What is expected: If a line in the records below includes the word "Twill", count it, then give the total and nothing else.

[Collected data entries]
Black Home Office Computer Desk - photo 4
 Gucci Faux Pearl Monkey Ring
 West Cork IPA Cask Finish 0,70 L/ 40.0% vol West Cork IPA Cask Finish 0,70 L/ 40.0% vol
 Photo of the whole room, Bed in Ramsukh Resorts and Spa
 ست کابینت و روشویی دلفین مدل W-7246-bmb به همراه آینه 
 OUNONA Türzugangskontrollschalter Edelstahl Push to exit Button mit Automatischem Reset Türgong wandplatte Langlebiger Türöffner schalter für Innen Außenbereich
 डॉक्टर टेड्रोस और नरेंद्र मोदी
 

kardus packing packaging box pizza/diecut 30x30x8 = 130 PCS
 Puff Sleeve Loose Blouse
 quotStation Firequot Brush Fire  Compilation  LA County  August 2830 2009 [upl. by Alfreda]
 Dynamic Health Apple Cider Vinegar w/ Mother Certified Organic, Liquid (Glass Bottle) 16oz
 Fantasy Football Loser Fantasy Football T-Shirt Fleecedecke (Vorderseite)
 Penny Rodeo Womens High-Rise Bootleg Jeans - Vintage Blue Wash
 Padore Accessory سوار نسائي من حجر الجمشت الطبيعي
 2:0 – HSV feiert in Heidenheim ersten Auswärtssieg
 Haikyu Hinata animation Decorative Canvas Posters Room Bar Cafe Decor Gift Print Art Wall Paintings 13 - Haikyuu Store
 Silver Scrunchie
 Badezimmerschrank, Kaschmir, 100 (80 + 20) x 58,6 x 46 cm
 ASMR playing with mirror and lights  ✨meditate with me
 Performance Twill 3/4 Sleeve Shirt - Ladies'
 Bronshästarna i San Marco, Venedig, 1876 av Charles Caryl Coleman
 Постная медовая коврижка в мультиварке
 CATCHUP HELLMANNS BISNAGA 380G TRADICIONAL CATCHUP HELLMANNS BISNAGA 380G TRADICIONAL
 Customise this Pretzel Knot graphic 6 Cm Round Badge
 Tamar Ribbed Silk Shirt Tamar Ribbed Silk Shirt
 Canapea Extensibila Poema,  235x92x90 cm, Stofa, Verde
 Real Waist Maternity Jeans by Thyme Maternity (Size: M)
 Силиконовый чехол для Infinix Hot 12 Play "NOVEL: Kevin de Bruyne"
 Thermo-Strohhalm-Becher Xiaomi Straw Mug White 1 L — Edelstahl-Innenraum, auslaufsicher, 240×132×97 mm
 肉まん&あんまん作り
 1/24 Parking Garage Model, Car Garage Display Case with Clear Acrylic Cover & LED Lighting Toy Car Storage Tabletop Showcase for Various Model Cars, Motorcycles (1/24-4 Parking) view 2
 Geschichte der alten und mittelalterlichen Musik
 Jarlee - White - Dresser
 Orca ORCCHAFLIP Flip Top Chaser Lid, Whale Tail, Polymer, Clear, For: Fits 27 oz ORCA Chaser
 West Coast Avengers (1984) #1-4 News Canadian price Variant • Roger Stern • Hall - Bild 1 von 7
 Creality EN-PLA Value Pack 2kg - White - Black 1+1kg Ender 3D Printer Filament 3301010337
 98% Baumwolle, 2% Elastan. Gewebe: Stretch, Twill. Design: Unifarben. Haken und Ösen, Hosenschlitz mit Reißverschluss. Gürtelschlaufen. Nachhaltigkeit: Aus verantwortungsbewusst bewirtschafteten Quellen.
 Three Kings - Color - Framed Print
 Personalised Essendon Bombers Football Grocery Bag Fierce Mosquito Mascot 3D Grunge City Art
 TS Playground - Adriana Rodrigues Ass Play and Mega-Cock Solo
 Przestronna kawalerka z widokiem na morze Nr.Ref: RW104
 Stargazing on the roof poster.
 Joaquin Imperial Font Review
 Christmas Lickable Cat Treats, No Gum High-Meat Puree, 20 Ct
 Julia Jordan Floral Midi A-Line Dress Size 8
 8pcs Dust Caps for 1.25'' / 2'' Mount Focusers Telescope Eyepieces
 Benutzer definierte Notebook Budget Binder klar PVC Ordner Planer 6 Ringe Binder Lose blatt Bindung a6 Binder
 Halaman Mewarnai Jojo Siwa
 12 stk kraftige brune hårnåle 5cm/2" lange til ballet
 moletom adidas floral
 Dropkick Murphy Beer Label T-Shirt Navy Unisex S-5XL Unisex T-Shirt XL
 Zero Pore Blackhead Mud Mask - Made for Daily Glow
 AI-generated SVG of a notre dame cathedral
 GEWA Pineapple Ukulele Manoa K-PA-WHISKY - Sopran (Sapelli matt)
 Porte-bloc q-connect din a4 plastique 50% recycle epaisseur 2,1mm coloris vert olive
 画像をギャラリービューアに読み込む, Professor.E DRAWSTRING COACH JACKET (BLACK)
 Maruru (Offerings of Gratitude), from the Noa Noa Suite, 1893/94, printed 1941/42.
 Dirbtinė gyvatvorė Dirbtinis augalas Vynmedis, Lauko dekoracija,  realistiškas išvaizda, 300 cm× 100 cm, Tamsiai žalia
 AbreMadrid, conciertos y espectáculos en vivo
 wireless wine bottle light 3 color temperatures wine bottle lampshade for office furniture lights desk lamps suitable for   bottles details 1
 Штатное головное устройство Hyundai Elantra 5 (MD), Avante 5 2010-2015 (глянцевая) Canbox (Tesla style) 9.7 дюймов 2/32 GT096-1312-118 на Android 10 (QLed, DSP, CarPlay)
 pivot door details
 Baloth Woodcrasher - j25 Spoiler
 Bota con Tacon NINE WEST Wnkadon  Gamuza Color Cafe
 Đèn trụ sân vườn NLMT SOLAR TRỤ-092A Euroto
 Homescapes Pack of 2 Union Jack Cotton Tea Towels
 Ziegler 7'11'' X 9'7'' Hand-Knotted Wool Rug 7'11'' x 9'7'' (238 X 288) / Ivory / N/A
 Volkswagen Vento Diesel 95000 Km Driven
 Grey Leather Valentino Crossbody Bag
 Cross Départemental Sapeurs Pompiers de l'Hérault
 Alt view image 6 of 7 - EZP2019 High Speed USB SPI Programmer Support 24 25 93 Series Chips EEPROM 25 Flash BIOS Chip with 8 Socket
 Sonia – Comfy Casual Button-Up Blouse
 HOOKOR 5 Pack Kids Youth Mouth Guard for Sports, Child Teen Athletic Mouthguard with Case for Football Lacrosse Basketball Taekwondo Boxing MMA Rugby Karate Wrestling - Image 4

Completed task: 2